(Task) Your answer must be an exact copy of the lines from the one containing "[Akai shichimi Shichihara" through the last line of the records below, with no pictures; please include nothing else.

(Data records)
Start of Block

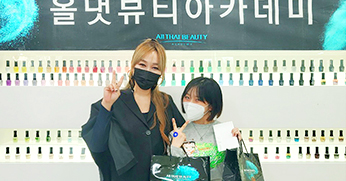 올댓뷰티아카데미 올댓크리에이터 SNS 1기 오디션 이벤트 시상식 & 인터뷰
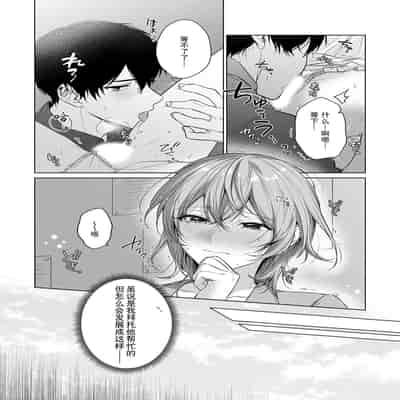 [Akai shichimi Shichihara Misa ache] ohanayasan wa moto yakuza ~ heiten-go no ten'nai de amaku torokeru ~ 前黑帮大哥之花店店长爱上我 ～打烊后在店里甜蜜涩涩～ 1-3 [Chinese] [莉赛特汉化组]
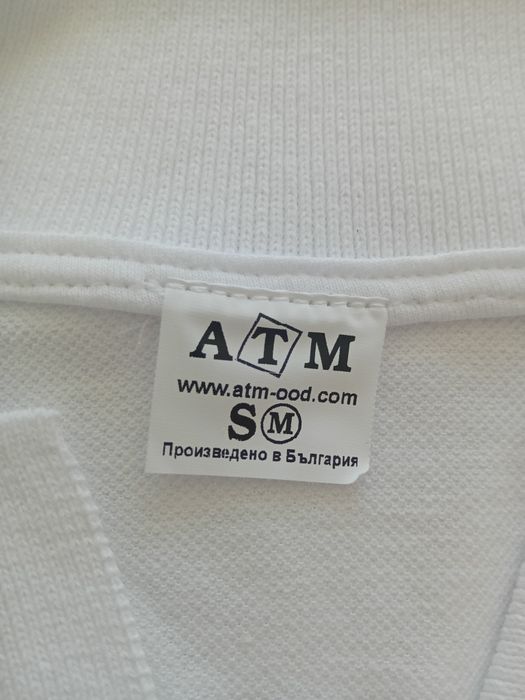 Ученическа униформа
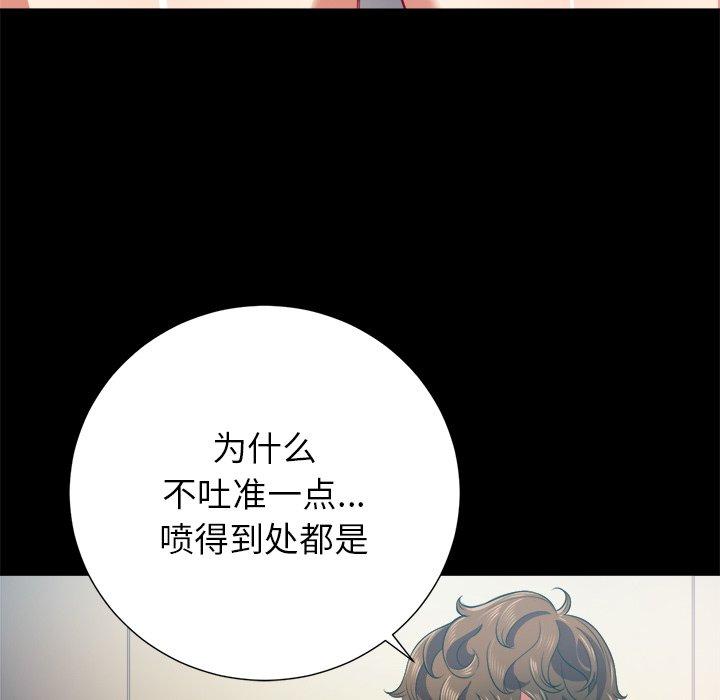 難纏小惡女 在线观看 第17話 漫画图片94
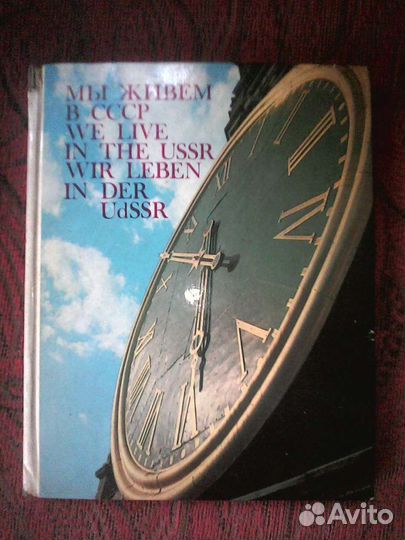 Книга/Альбом.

End of Block

(Answer to this problem)
 [Akai shichimi Shichihara Misa ache] ohanayasan wa moto yakuza ~ heiten-go no ten'nai de amaku torokeru ~ 前黑帮大哥之花店店长爱上我 ～打烊后在店里甜蜜涩涩～ 1-3 [Chinese] [莉赛特汉化组]
 Ученическа униформа
 難纏小惡女 在线观看 第17話 漫画图片94
 Книга/Альбом.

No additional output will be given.